Monitoring Strategy¶

How the homelab is monitored, alerted, and observed.

Monitoring Stack Overview¶

Component	Location	Purpose
Uptime Kuma	VPS	External health checks (HTTP, TCP, ping)
ntfy	VPS	Push notifications (alerts, backup status)
VictoriaMetrics (Papa)	Docker VM	Time-series metrics database
vmagent	Docker VM	Prometheus-compatible metrics scraper
Grafana (Papa)	Docker VM	Dashboards and visualization
Dozzle (Ysyry)	Docker VM	Real-time container log viewer
Glances	NAS	System resource monitor (HA integration)
Watchtower	Docker VM	Auto-update monitoring (Sunday 4 AM)

Metrics Pipeline¶

node_exporter (Docker VM :9100) ──┐
node_exporter (NAS :9100) ────────┤
VictoriaMetrics (:8428) ──────────┤
vmagent (:8429) ──────────────────┤
Grafana (:3000) ──────────────────┼──► vmagent ──► VictoriaMetrics ──► Grafana
vmalert (:8880) ──────────────────┤    (30s scrape)    (90d retention)    (papa.cronova.dev)
Alertmanager (:9093) ─────────────┤                         │
cAdvisor (:8080) ─────────────────┤                    vmalert ──► Alertmanager ──► ntfy
Home Assistant (/api/prometheus) ──┘                   (30s eval)    (group/dedup)    (push)

Config: docker/fixed/docker-vm/monitoring/prometheus.yml

Scrape Targets¶

Job	Target	Labels
node-docker-vm	`host.docker.internal:9100`	instance: docker-vm
node-nas	`100.82.77.97:9100`	instance: nas
victoriametrics	`victoriametrics:8428`	instance: victoriametrics
vmagent	`vmagent:8429`	instance: vmagent
grafana	`grafana:3000`	instance: grafana
cadvisor	`cadvisor:8080`	instance: docker-vm
vmalert	`vmalert:8880`	instance: vmalert
alertmanager	`alertmanager:9093`	instance: alertmanager
home-assistant	`host.docker.internal:8123/api/prometheus`	instance: home-assistant

VictoriaMetrics¶

Image: victoriametrics/victoria-metrics:latest
Port: 8428 (localhost only)
Retention: 90 days
Memory limit: 1GB
Data volume: vm-data

Grafana¶

Image: grafana/grafana:latest
Port: 3000 (localhost only, behind Caddy + Authelia)
URL: https://papa.cronova.dev
Plugin: victoriametrics-metrics-datasource
Dashboards provisioned via grafana/provisioning/dashboards/json/

Grafana Dashboards¶

Dashboard	Grafana ID	Source	What it shows
Node Exporter Full	1860	node-docker-vm, node-nas	Host CPU, RAM, disk, network
VictoriaMetrics Single	10229	victoriametrics	TSDB health, ingestion rate, storage
cAdvisor Docker	19792	cadvisor	Per-container CPU, memory, network
vmagent	12683	vmagent	Scrape stats, target health, remote write
Grafana Internals	3590	grafana	API response times, sessions, memory
Homelab Overview	— (custom)	all targets	Host health, containers, network, monitoring health

Uptime Kuma Monitors¶

Uptime Kuma runs on the VPS and monitors all services via Tailscale mesh. 35 monitors managed via scripts/setup-uptime-kuma.py (single source of truth).
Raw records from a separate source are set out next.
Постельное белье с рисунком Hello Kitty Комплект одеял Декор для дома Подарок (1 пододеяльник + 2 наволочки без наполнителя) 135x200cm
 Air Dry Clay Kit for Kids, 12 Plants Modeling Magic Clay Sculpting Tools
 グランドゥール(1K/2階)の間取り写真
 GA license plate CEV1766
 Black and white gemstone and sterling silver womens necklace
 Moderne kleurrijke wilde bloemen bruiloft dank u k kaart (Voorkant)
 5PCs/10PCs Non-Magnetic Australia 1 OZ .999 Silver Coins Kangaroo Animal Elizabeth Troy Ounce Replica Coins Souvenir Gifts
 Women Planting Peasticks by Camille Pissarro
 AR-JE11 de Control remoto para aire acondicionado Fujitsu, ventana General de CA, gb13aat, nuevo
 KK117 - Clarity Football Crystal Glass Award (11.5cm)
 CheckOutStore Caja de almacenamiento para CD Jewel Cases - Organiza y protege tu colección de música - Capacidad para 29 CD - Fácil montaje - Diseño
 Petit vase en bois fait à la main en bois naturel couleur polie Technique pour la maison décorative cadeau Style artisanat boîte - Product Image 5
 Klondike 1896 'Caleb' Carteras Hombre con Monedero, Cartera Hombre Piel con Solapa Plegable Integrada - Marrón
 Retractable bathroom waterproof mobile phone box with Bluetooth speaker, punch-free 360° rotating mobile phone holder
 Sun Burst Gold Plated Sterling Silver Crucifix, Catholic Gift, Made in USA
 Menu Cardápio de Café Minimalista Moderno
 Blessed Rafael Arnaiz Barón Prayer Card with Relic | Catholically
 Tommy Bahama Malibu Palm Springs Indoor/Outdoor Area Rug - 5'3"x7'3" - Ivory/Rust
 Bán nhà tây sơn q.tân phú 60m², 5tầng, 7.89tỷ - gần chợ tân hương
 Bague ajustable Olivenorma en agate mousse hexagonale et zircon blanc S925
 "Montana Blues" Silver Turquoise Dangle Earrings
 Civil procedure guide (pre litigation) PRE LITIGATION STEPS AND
Alerts route to ntfy topics by priority tier.

Critical (60s interval, ntfy urgent)¶

Monitor	Type	Target
Headscale	HTTP	`https://hs.cronova.dev/health`
Vaultwarden	HTTP	`https://vault.cronova.dev/alive`
Pi-hole DNS	TCP	`100.68.63.168:53`
Caddy (Docker VM)	HTTP	`https://cronova.dev`
OPNsense Gateway	Ping	`192.168.0.1`
Uptime Kuma	HTTP	`https://status.cronova.dev`
ntfy	HTTP	`https://notify.cronova.dev`
Caddy (VPS)	TCP	`100.77.172.46:443`
VPS Pi-hole	TCP	`127.0.0.1:53`
cronova.dev	HTTP	`https://cronova.dev` (900s interval)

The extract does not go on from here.